- [EXERCISE DESCRIPTION]
Please output only the lines running from the one that contains "サタデーズ ニューヨークシティ Talley Swim Short パープル M サタデーズ" through the last line of the data below, exactly as they stand, with no pictures.

- [DATA EXTRACT]
:::::

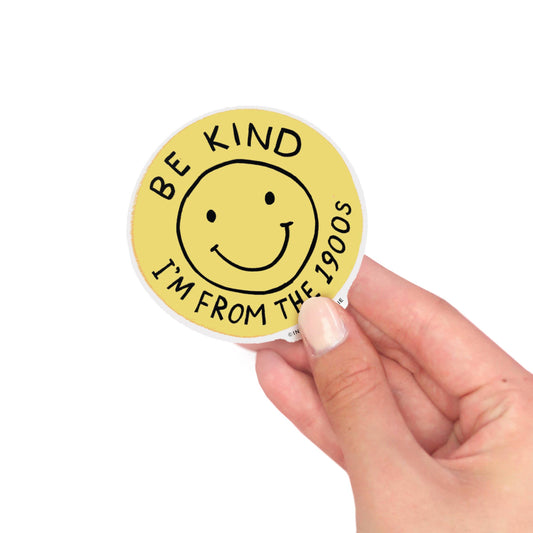 Be Kind (1900s) Vinyl Sticker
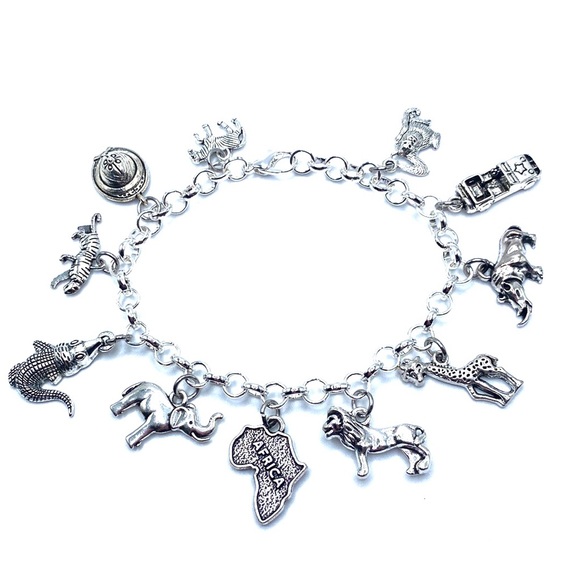 Africa Safari Charm Bracelet Wild Animals - Picture 4 of 7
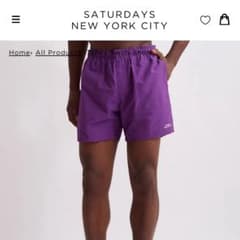 サタデーズ ニューヨークシティ Talley Swim Short パープル M サタデーズ ニューヨークシティ Talley Swim Short パープル M - メルカリ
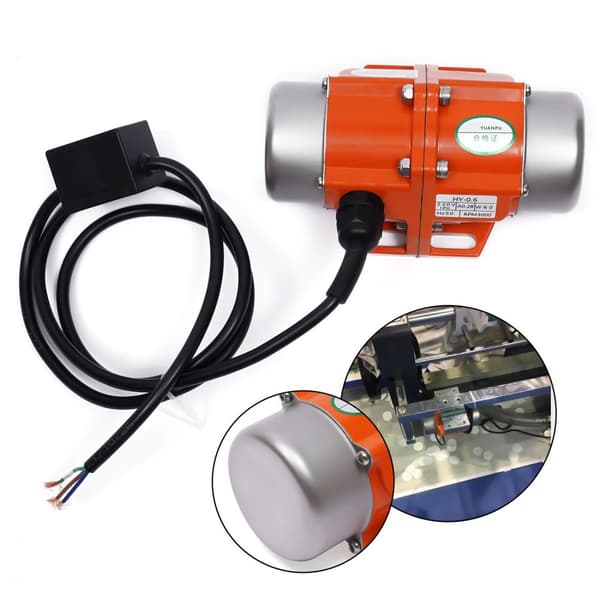 Vibrationsmotor, 1-fas, 60W effekt, 3000RPM hastighet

:::::

- [TASK ANSWER]
 サタデーズ ニューヨークシティ Talley Swim Short パープル M サタデーズ ニューヨークシティ Talley Swim Short パープル M - メルカリ
 Vibrationsmotor, 1-fas, 60W effekt, 3000RPM hastighet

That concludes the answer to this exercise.